La politica si svegli
Bisogna fare in fretta, visto che proprio in queste settimane la maggioranza sta lavorando alla legge di bilancio. E non è un caso che le 35 organizzazioni che compongono l’Alleanza abbiano scelto una sede istituzionale come il Senato e abbiano chiesto al Governo di ascoltare. “Vogliamo riportare il dibattito sulla povertà nelle sedi della politica – ha sottolineato Russo –. Questo tema deve diventare centrale rispetto al dibattito politico. Anche per affrontare una questione di cui quasi non si discute: oltre ai quasi 6 milioni di cittadini e cittadine in povertà assoluta ci sono milioni di persone in povertà relativa. Quali strategie vanno attuate per evitare che precipitino verso il basso?”.
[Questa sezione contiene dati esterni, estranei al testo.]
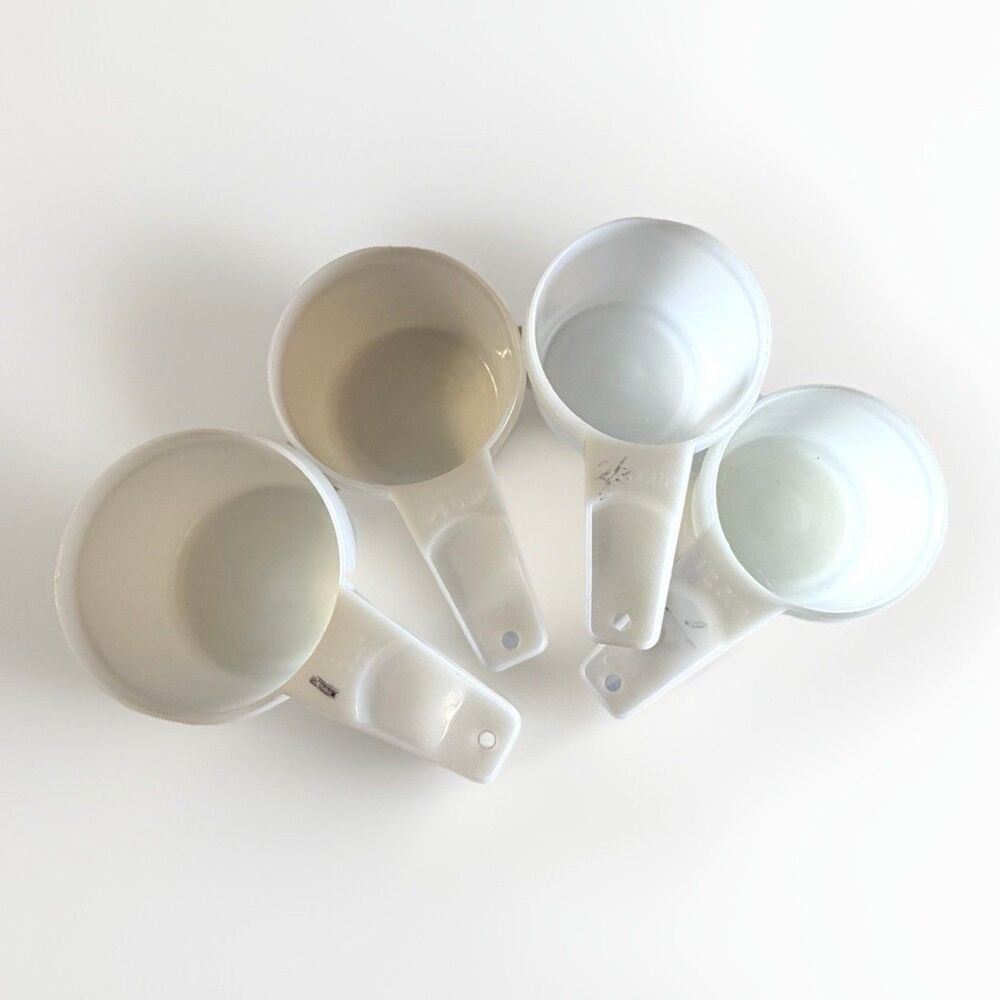 Vintage‎ Tupperware Measuring Cups Sheer White Stacking Nesting Set of 4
Le richieste dell’Alleanza
Per l'Alleanza bisogna innanzitutto tornare all’universalismo, perché i diritti devono avere risposte universali. E poi: reintrodurre la soglia reddituale di accesso differenziata per coloro che sono in locazione a 9.360 euro; allentare il vincolo di residenza per gli stranieri abbassandolo da 5 a 2 anni; rivedere la scala di equivalenza; indicizzare soglia reddituale e sostegno all’affitto per evitare che venga tagliato da inflazione e aumento dei prezzi; ridefinire l’offerta congrua di lavoro anche in base all’età e ad altri fattori di fragilità, altrimenti il concetto di occupabilità diventa ancor più incongruo di quanto già non lo sia.
E poi, proprio perché ci si dimentica che una parte consistente di chi percepiva il Rdc in realtà un lavoro lo aveva, occorre migliorare la cumulabilità reddito-lavoro. Necessario – anche - consentire la partecipazione volontaria ai progetti di utilità collettiva (Puc) anche a chi avrà diritto all’Assegno di inclusione e non solo agli occupabili. Infine, bisogna prevedere più risorse umane e finanziare per i Comuni che oggi non sono in grado di dare risposte in tempi congrui a quanti si rivolgono ai propri uffici.
Non è buonismo
Lo ha sottolineato Russo: “È previsto dalla Costituzione che sia lo Stato a farsi carico delle fragilità e a ridurre le diseguaglianze” e lo ha ribadito Barbaresi affermando: “Il 7 ottobre saremo in piazza, per ricordare al Governo che – come è scritto nell’art. 3 della Costituzione – è compito della Repubblica, delle istituzioni pubbliche, rimuovere ogni ostacolo che, limitando la libertà e l’uguaglianza delle persone, ne impedisce il pieno sviluppo e la partecipazione alla vita politica, economica e sociale del Paese”.